O ponto de partida para a narração da Parábola é a murmuração dos fariseus e dos escribas, diante da cena onde publicanos e pecadores escutam Jesus: “Este homem acolhe os pecadores e come com eles” (v. 2), comentam. O acolhimento dos publicanos e pecadores por parte de Jesus é algo escandaloso na perspectiva dos fariseus; comer com eles, estabelecer laços de familiaridade e de irmandade é algo abominável.  Na perspectiva da teologia da época, os pecadores não podiam aproximar-se de Deus. É neste contexto que Jesus apresenta a Parábola do filho pródigo, na qual encontramos três personagens de referência: o pai, o filho mais novo e o filho mais velho.

O pai, na parábola, é aquele que sabe conjugar o respeito pelas decisões e pela liberdade dos filhos com um amor gratuito e sem limites.
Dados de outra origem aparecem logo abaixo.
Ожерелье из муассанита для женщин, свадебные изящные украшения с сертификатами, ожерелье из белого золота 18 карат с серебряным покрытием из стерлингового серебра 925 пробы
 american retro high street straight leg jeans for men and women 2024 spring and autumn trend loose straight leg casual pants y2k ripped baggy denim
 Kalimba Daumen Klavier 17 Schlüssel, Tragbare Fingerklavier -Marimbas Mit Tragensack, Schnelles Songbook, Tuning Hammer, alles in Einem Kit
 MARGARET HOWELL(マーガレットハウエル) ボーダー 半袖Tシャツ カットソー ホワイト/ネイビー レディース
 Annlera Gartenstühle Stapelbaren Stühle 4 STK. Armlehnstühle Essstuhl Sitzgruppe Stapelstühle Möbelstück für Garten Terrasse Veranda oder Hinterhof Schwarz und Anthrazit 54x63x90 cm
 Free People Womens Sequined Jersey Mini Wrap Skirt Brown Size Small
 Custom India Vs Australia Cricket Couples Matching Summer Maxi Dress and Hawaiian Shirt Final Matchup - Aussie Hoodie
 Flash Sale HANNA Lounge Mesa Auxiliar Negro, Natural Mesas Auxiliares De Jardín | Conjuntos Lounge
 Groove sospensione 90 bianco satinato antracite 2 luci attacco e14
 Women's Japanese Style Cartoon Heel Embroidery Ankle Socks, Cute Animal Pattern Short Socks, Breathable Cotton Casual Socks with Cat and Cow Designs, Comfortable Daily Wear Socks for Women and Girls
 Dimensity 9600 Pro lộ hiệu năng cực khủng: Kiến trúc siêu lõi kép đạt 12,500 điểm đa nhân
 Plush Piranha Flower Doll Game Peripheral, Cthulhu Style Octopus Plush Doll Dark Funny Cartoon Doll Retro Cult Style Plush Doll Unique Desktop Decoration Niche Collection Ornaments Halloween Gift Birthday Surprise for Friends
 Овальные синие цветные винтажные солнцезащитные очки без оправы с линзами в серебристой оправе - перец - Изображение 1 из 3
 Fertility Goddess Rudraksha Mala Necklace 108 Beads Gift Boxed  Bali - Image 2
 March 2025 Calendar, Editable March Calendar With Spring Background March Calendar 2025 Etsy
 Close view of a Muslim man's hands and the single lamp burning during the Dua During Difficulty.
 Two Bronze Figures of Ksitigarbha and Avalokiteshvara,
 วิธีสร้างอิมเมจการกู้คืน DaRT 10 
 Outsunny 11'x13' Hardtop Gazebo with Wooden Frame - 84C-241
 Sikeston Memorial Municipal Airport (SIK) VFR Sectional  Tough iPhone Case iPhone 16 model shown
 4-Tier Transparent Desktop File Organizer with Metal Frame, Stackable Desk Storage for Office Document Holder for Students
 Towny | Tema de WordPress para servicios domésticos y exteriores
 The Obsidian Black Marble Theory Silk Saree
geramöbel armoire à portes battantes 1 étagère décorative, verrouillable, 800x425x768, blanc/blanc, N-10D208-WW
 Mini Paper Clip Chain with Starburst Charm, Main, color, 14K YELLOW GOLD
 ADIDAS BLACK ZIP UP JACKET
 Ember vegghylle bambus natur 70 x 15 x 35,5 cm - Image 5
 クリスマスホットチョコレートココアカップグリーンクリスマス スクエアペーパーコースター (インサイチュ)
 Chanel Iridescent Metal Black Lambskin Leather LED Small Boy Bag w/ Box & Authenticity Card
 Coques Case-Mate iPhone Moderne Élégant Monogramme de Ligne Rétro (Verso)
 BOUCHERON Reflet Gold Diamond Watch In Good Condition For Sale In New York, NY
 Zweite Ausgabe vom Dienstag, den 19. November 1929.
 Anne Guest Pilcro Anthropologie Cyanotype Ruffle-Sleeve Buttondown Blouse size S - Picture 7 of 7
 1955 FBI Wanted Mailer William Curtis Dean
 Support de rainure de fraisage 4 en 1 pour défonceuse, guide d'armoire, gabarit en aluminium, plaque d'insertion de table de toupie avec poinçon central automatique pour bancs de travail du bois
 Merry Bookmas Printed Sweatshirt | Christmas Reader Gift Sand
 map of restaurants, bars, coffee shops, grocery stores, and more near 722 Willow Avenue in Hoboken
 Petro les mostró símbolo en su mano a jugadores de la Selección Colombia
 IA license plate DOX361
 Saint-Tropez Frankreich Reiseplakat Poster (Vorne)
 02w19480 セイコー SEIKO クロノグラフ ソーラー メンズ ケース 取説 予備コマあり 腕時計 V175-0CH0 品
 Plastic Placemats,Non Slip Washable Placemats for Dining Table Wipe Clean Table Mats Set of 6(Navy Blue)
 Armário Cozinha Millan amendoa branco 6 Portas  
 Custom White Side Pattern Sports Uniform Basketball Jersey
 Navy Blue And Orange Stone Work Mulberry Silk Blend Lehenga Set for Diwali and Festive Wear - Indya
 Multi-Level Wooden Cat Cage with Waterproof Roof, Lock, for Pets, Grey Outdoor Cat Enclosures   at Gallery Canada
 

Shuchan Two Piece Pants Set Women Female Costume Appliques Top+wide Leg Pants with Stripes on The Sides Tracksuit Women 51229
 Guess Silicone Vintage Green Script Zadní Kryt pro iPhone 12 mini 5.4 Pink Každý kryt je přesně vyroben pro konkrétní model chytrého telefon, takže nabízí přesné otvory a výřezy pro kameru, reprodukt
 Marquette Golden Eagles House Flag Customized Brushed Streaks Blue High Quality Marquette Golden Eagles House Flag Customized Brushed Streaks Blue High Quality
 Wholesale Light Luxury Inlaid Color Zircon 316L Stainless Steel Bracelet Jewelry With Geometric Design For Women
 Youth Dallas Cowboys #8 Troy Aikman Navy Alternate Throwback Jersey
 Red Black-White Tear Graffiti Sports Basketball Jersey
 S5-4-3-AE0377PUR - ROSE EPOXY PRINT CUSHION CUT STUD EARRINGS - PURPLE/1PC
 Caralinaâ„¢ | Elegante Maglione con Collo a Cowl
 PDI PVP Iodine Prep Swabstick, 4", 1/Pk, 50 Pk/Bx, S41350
Esse amor manifesta-se na emoção com que abraça o filho que volta, mesmo sem saber se esse filho mudou a sua atitude de orgulho e de auto-suficiência. Trata-se de um amor que permaneceu inalterado, apesar da rebeldia, da ausência e da infidelidade do filho. O amor do pai aparece representado no anel, símbolo da autoridade e do poder (cf. Gn 41,42; Est 3,10; 8,2) e nas sandálias, calçado do homem livre (cf. Gl 5,1).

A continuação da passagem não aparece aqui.